By all accounts, I should be the first candidate for landing. I love the vehicles and the adventures they allow. I’m on a quest to see as many national parks as possible, I have a job that allows me to try out different gear and report on their usefulness, and I already have a good example of the best landing pad never built. There’s only one problem: I’m not sure that overlanding is, at this point, an overhyped fad.
I can say conclusively that heading out into our Great American Wild with your truck and camping gear is one of life’s greatest pleasures. The National Parks, National Forests, and Bureau of Land Management holdings that dominate the American West are some of the greatest public-access land on this planet, available to us with little effort and little or no expense. no. Few things put the mind at ease like a night on natural terrain, a bedroom under the stars.
Yet with any hobby there is what I like to call an illusion of gear. That is, in a society that has monetized every desire and impulse, the intentional misdirection that says the hobby is mostly about your gear and less about the enjoyment of the activity itself and learning along the way. Sports cars, as a hobby, adhere to the illusion of equipment. The number of people who continually upgrade their car as they become increasingly unable to extract that performance is staggering.
I’m afraid overlanding is ripe for the same problem. Because while I’d love to upgrade my 2004 LX470 for this task, I’m already starting to get queasy watching how deep that rabbit hole goes. If I’m going to make it a good overlander, the available information suggests I’m spending thousands of dollars just planning a day trip. If I did that, companies would surely be giving away a lot of gear just for exposure, and by giving press to everything that comes in the mail, I’d be contributing to the gear illusion.
No, I want to start small. Because for the day trip camps I’ve done so far, my LX and Coleman tents have worked well. Off-road, I never got close to the limits of the Lexus. Rather than raising the ceiling of what he can do, I want to raise the floor of what he can handle. So instead of lifting it, I want to get off-road tires and some decent recovery gear to make sure I can go out on my own. I don’t need to swap out the diffs and suspension components yet, but I will need external fuel storage and a full-size spare of whatever tire I bring. I’ll never get it through enough sand or water to require a snorkel, but accessory lights will help.
These improvements seem worth it, even for an amateur. I’m pretty sure I’m not overdoing it, because if I’m going to spend any time off-road, those things are necessary. Where I’m most conflicted is on the living side of the landing equation, where you have to sort out where you sleep and what you bring.
The Instagram Brothers Say You Need a Rooftop Tent, Awning, Car Fridge, Drawer Storage System, External Storage and Upgraded Accessory Electrical System . The simplest version is a tent, a cooler, and whatever else I can throw into the cargo area. Most of what I’ve read suggests that all of these upgrades are worth it, but I have to wonder how many nights you need to be on the trail before a $3000 rooftop tent will make up for the cost of its brothers on the ground $300.

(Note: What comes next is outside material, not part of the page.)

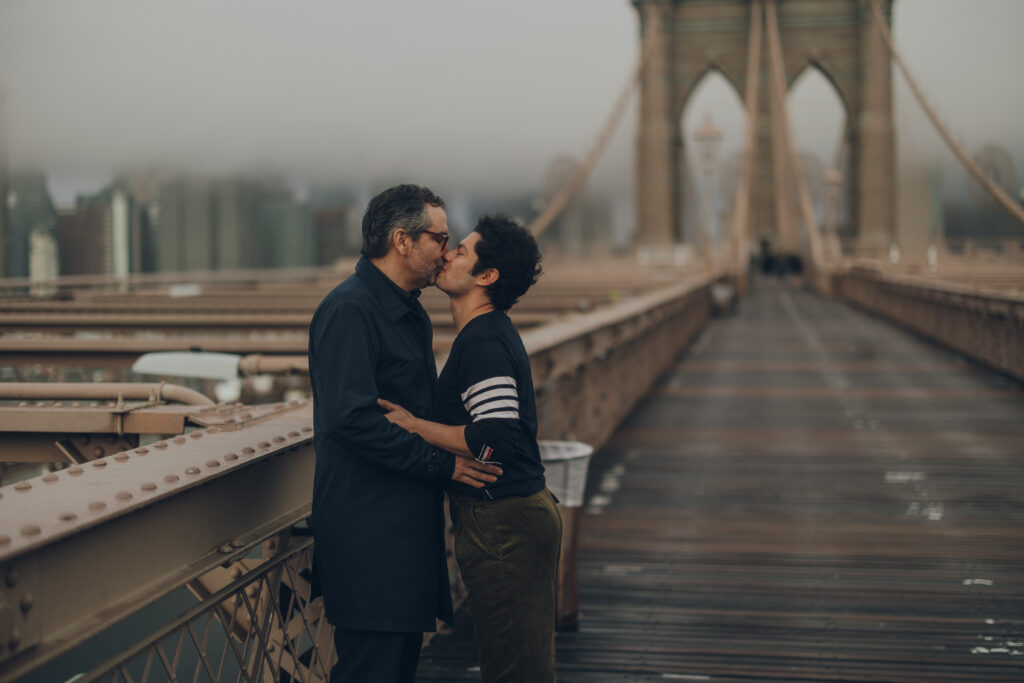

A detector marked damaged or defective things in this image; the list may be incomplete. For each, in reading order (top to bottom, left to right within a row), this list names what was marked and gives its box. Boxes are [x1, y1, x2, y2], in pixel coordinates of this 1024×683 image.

I guess there’s only one real way to find out. To make sense of it all, I’m going to try to build my ideal landing rig. I will rely on the community and my contacts to determine what is worth testing. If a company sends a sample to test the LX. I will tell you directly if the product is worth it. By the end of the project, my goal is to find out what you really need to enjoy an earthly adventure and what is part of the gear illusion.